-- MATERIAL FOR THE TASK --

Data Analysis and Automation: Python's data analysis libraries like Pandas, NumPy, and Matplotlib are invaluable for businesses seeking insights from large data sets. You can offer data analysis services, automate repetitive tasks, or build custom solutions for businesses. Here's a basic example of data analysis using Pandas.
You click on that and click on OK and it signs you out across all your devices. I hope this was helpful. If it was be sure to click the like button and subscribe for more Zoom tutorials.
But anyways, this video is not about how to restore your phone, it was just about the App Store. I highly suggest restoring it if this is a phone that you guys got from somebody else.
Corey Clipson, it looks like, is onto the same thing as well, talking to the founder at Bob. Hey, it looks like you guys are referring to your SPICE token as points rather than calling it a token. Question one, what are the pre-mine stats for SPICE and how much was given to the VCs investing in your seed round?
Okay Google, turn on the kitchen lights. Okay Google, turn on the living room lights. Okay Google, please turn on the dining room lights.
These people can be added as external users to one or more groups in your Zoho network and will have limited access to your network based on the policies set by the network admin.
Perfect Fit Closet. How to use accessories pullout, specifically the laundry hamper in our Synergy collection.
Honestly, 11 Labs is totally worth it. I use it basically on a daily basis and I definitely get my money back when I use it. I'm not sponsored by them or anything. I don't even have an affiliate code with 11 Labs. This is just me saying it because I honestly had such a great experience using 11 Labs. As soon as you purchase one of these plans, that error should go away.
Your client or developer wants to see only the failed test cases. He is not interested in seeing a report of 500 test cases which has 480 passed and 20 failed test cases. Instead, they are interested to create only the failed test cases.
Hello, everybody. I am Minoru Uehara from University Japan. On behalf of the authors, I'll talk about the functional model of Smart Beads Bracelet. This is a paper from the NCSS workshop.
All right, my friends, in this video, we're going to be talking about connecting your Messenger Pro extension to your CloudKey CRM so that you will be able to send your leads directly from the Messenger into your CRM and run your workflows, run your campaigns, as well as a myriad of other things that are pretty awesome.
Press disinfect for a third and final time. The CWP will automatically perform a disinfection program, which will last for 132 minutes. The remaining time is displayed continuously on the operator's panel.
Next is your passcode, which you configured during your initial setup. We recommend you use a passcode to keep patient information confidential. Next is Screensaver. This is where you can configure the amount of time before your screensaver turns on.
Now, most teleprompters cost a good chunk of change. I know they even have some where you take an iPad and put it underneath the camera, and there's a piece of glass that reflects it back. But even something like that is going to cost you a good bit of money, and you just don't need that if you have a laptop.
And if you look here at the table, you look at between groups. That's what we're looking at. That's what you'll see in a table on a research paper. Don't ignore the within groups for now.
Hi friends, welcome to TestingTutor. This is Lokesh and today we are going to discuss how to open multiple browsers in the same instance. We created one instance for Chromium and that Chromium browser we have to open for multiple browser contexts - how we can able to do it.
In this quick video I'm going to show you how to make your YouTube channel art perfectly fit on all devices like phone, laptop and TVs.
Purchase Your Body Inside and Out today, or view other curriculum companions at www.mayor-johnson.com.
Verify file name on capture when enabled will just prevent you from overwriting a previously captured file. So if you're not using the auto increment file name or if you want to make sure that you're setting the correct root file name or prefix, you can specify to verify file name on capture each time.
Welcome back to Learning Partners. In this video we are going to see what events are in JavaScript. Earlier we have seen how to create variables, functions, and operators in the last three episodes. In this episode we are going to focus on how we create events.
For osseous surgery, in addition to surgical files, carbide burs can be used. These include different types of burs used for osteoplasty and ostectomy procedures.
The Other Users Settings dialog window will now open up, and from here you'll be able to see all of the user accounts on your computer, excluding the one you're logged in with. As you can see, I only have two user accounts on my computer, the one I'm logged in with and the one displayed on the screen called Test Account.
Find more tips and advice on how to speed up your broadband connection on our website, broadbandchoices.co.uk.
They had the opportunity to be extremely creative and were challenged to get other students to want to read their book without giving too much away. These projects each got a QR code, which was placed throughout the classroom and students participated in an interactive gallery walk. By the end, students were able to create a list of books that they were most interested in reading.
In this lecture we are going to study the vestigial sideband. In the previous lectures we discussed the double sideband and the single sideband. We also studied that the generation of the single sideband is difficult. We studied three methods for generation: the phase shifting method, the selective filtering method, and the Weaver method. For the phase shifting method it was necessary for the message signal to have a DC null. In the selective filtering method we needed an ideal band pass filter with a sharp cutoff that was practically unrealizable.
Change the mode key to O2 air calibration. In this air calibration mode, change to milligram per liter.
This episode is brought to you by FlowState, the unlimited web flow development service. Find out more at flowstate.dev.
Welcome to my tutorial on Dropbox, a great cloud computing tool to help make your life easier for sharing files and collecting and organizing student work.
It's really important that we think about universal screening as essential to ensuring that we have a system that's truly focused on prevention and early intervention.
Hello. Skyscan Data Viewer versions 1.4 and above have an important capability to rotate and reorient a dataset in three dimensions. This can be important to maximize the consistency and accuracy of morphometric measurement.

-- YOUR INSTRUCTIONS --
Print the material once more. Change nothing.

-- FINISHED TASK --
Data Analysis and Automation: Python's data analysis libraries like Pandas, NumPy, and Matplotlib are invaluable for businesses seeking insights from large data sets. You can offer data analysis services, automate repetitive tasks, or build custom solutions for businesses. Here's a basic example of data analysis using Pandas.
You click on that and click on OK and it signs you out across all your devices. I hope this was helpful. If it was be sure to click the like button and subscribe for more Zoom tutorials.
But anyways, this video is not about how to restore your phone, it was just about the App Store. I highly suggest restoring it if this is a phone that you guys got from somebody else.
Corey Clipson, it looks like, is onto the same thing as well, talking to the founder at Bob. Hey, it looks like you guys are referring to your SPICE token as points rather than calling it a token. Question one, what are the pre-mine stats for SPICE and how much was given to the VCs investing in your seed round?
Okay Google, turn on the kitchen lights. Okay Google, turn on the living room lights. Okay Google, please turn on the dining room lights.
These people can be added as external users to one or more groups in your Zoho network and will have limited access to your network based on the policies set by the network admin.
Perfect Fit Closet. How to use accessories pullout, specifically the laundry hamper in our Synergy collection.
Honestly, 11 Labs is totally worth it. I use it basically on a daily basis and I definitely get my money back when I use it. I'm not sponsored by them or anything. I don't even have an affiliate code with 11 Labs. This is just me saying it because I honestly had such a great experience using 11 Labs. As soon as you purchase one of these plans, that error should go away.
Your client or developer wants to see only the failed test cases. He is not interested in seeing a report of 500 test cases which has 480 passed and 20 failed test cases. Instead, they are interested to create only the failed test cases.
Hello, everybody. I am Minoru Uehara from University Japan. On behalf of the authors, I'll talk about the functional model of Smart Beads Bracelet. This is a paper from the NCSS workshop.
All right, my friends, in this video, we're going to be talking about connecting your Messenger Pro extension to your CloudKey CRM so that you will be able to send your leads directly from the Messenger into your CRM and run your workflows, run your campaigns, as well as a myriad of other things that are pretty awesome.
Press disinfect for a third and final time. The CWP will automatically perform a disinfection program, which will last for 132 minutes. The remaining time is displayed continuously on the operator's panel.
Next is your passcode, which you configured during your initial setup. We recommend you use a passcode to keep patient information confidential. Next is Screensaver. This is where you can configure the amount of time before your screensaver turns on.
Now, most teleprompters cost a good chunk of change. I know they even have some where you take an iPad and put it underneath the camera, and there's a piece of glass that reflects it back. But even something like that is going to cost you a good bit of money, and you just don't need that if you have a laptop.
And if you look here at the table, you look at between groups. That's what we're looking at. That's what you'll see in a table on a research paper. Don't ignore the within groups for now.
Hi friends, welcome to TestingTutor. This is Lokesh and today we are going to discuss how to open multiple browsers in the same instance. We created one instance for Chromium and that Chromium browser we have to open for multiple browser contexts - how we can able to do it.
In this quick video I'm going to show you how to make your YouTube channel art perfectly fit on all devices like phone, laptop and TVs.
Purchase Your Body Inside and Out today, or view other curriculum companions at www.mayor-johnson.com.
Verify file name on capture when enabled will just prevent you from overwriting a previously captured file. So if you're not using the auto increment file name or if you want to make sure that you're setting the correct root file name or prefix, you can specify to verify file name on capture each time.
Welcome back to Learning Partners. In this video we are going to see what events are in JavaScript. Earlier we have seen how to create variables, functions, and operators in the last three episodes. In this episode we are going to focus on how we create events.
For osseous surgery, in addition to surgical files, carbide burs can be used. These include different types of burs used for osteoplasty and ostectomy procedures.
The Other Users Settings dialog window will now open up, and from here you'll be able to see all of the user accounts on your computer, excluding the one you're logged in with. As you can see, I only have two user accounts on my computer, the one I'm logged in with and the one displayed on the screen called Test Account.
Find more tips and advice on how to speed up your broadband connection on our website, broadbandchoices.co.uk.
They had the opportunity to be extremely creative and were challenged to get other students to want to read their book without giving too much away. These projects each got a QR code, which was placed throughout the classroom and students participated in an interactive gallery walk. By the end, students were able to create a list of books that they were most interested in reading.
In this lecture we are going to study the vestigial sideband. In the previous lectures we discussed the double sideband and the single sideband. We also studied that the generation of the single sideband is difficult. We studied three methods for generation: the phase shifting method, the selective filtering method, and the Weaver method. For the phase shifting method it was necessary for the message signal to have a DC null. In the selective filtering method we needed an ideal band pass filter with a sharp cutoff that was practically unrealizable.
Change the mode key to O2 air calibration. In this air calibration mode, change to milligram per liter.
This episode is brought to you by FlowState, the unlimited web flow development service. Find out more at flowstate.dev.
Welcome to my tutorial on Dropbox, a great cloud computing tool to help make your life easier for sharing files and collecting and organizing student work.
It's really important that we think about universal screening as essential to ensuring that we have a system that's truly focused on prevention and early intervention.
Hello. Skyscan Data Viewer versions 1.4 and above have an important capability to rotate and reorient a dataset in three dimensions. This can be important to maximize the consistency and accuracy of morphometric measurement.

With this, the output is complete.